# B.C. Grant Baptist Church Annual Archery Shoot



## Chase Simmemon (Jul 15, 2011)




----------



## Chase Simmemon (Jul 28, 2011)

Bump, Aug 13 is getting closer...


----------



## gretchp (Jul 30, 2011)

address please........thanks!


----------



## jhw (Jul 30, 2011)

The address is 1405 BC Grant Road Alto, GA 30510


----------



## jhw (Jul 30, 2011)

You can also find more info by visiting our website and facebook page.  Thanks!

http://www.bcgrantoutdoors.com/
http://www.facebook.com/bcgrantarchery


----------



## gretchp (Jul 31, 2011)

thank you!! that will be a haul but plan on making it!!


----------



## jhw (Jul 31, 2011)

Good to hear!  Look forward to seeing you there!  Have you shot here before?


----------



## jhw (Aug 5, 2011)

One week away...


----------



## 08f250sd (Aug 6, 2011)

Plan on being there, have been the last few years and it is a great shoot with some good people.


----------



## jhw (Aug 7, 2011)

We now have 100 targets set on 5 courses.  Free shoot and biscuit breakfast.  $5 combo lunch.  Lots of great prizes this year!  Really hope that you guys and gals come on out and join us this Saturday, August 13th.

For more info visit our website...

http://www.bcgrantoutdoors.com/


----------



## jhw (Aug 10, 2011)

Just a reminder the 12th Annual BC Grant Shoot will be this weekend.  We have 100 targets set for this year.  New this year will be pop up targets you can shoot for fun when your are done with the range.  Don't want to miss it!  See ya there!


----------



## mefferd84 (Aug 11, 2011)

Do you have to show with a group or can you register alone and shoot with other people?

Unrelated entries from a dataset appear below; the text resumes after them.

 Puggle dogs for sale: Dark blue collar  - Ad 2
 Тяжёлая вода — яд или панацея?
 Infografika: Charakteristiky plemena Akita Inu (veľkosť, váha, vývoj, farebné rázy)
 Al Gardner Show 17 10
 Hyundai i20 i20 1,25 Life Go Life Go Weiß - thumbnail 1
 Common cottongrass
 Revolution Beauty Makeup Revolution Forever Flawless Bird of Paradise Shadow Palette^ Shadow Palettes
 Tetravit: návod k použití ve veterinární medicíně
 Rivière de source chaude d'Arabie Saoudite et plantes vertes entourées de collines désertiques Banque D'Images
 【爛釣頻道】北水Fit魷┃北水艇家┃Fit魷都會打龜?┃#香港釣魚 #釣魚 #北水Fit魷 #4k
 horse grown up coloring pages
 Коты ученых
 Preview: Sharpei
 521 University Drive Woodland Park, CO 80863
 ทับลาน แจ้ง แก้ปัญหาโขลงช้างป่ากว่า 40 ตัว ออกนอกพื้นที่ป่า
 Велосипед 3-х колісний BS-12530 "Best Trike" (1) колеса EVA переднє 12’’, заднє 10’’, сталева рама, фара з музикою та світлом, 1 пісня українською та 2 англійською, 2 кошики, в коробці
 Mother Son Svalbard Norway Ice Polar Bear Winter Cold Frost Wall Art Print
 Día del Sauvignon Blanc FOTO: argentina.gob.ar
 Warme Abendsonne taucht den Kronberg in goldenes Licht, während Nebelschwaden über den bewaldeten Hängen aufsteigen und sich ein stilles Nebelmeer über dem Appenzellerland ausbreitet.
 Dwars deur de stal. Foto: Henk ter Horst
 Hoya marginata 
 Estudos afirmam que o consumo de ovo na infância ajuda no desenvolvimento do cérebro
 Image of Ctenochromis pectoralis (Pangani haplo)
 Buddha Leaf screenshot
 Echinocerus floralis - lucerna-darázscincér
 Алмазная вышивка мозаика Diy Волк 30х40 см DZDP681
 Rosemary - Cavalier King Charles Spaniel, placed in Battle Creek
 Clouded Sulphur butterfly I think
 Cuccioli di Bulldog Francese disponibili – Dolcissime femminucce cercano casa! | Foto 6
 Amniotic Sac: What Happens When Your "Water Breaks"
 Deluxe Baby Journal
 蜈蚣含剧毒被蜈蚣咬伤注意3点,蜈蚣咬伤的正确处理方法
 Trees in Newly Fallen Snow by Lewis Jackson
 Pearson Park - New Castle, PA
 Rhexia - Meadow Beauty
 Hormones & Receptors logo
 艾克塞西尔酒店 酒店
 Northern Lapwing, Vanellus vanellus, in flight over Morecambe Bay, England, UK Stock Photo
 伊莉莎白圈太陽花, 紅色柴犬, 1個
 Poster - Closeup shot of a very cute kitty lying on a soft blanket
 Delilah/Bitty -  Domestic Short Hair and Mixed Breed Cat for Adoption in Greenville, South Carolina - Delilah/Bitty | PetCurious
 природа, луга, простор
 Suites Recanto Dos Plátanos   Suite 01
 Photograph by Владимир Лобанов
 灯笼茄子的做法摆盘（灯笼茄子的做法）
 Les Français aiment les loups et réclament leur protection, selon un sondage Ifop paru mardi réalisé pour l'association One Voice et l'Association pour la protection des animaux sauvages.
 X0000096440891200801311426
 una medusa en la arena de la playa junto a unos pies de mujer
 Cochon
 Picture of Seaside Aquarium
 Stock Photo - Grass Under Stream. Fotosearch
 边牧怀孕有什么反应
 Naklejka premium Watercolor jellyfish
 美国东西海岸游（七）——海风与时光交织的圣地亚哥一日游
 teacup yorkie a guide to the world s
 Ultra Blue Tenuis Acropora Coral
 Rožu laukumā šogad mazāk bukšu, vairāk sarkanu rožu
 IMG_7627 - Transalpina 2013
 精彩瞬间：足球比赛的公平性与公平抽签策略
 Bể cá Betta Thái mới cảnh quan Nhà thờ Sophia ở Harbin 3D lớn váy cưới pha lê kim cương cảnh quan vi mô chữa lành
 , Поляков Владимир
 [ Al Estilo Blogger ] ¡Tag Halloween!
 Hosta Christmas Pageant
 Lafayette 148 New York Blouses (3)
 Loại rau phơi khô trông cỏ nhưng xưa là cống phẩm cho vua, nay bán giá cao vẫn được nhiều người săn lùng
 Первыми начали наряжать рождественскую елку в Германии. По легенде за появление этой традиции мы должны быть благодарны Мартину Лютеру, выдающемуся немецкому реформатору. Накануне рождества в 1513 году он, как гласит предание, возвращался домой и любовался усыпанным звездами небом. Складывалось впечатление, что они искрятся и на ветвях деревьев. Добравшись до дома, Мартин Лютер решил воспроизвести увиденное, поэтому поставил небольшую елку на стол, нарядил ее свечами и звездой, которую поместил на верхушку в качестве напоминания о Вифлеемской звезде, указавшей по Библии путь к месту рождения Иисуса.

The guys I was planning on going with backed out on me.


----------



## ninjaneer (Aug 12, 2011)

Just show up, they will assign you with a group...


----------



## jhw (Aug 12, 2011)

Yeah, you can just show up.  We will pair you with other people.  We like to keep the groups around 4 or 5 people.


----------



## james hyde (Aug 13, 2011)

Thanks to all the B.C Grant folks today, had a big time and was able to visit with some old friends in the process! Good job to all!


----------



## 08f250sd (Aug 14, 2011)

I really enjoyed the shoot this year, can't wait for next year. Thanks for everybody that helped with it.


----------